◆ **Task goal**: Of the lines below, report only those that contain "Photo".

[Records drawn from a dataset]

_ _ _ _ _ _ _

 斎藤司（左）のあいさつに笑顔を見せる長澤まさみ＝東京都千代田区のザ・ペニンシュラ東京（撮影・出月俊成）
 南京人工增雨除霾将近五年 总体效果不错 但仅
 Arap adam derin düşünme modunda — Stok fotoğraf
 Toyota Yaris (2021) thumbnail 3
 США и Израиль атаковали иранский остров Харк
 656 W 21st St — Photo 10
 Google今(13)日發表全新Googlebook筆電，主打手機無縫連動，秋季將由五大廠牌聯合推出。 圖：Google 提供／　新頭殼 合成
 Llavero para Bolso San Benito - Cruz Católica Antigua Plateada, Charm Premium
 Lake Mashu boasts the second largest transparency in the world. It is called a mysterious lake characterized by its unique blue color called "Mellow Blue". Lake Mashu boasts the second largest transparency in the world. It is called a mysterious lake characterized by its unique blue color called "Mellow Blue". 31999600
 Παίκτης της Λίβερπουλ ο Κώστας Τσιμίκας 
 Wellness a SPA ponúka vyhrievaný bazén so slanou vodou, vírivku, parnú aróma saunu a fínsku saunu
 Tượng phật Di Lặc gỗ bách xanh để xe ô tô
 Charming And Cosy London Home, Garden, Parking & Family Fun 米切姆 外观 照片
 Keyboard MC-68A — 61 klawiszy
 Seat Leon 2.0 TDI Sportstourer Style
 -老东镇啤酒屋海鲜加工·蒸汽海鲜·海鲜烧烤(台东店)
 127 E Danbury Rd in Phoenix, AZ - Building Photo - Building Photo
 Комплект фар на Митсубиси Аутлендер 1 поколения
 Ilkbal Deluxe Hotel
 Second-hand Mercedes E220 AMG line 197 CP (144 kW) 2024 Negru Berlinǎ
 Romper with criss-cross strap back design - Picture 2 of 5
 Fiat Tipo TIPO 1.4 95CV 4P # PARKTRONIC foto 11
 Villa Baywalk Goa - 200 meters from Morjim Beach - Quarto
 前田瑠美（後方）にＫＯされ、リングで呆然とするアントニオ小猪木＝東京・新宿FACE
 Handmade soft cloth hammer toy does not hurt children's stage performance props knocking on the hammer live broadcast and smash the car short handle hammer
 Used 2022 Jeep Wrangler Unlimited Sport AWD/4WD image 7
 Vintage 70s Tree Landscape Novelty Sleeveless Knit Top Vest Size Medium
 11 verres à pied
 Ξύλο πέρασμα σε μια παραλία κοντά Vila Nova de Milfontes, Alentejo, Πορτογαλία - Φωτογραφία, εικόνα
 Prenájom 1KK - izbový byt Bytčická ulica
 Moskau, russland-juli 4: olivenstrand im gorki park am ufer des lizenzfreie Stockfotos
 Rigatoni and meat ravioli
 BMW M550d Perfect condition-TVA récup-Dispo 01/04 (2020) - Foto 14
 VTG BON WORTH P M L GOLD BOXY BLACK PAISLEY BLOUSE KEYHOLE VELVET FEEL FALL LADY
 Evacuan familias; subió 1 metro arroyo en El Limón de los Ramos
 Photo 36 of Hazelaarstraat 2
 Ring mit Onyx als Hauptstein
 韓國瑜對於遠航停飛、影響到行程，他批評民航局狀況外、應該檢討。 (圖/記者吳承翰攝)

_ _ _ _ _ _ _

◆ **Response below**:
 656 W 21st St — Photo 10
 127 E Danbury Rd in Phoenix, AZ - Building Photo - Building Photo
 Photo 36 of Hazelaarstraat 2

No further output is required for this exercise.